Supplied material:

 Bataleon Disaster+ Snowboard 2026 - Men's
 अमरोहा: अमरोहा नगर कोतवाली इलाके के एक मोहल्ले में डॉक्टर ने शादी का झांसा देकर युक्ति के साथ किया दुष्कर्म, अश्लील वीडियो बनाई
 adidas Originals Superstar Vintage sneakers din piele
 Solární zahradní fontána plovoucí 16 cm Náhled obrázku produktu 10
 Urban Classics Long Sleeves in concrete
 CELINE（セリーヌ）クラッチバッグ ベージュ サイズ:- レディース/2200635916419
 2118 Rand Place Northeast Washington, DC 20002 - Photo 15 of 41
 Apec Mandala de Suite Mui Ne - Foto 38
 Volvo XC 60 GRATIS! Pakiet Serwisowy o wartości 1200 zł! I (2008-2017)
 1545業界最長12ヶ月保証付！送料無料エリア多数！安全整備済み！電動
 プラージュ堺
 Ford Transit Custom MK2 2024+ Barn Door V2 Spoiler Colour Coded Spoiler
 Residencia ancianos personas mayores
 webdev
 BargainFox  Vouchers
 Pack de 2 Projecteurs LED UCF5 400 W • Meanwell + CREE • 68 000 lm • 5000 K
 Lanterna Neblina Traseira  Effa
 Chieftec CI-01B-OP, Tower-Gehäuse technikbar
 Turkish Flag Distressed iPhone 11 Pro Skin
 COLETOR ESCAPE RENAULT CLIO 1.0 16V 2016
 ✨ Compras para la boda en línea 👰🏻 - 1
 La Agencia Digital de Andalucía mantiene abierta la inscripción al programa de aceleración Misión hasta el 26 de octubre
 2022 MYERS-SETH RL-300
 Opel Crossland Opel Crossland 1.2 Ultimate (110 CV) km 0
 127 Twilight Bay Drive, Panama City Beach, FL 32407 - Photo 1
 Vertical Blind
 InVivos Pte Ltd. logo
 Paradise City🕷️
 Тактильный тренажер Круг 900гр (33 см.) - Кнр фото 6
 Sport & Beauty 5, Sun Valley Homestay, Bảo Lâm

Assignment:
Retrieve each line of the data in which the word "City" can be found.

Exercise answer:
 127 Twilight Bay Drive, Panama City Beach, FL 32407 - Photo 1
 Paradise City🕷️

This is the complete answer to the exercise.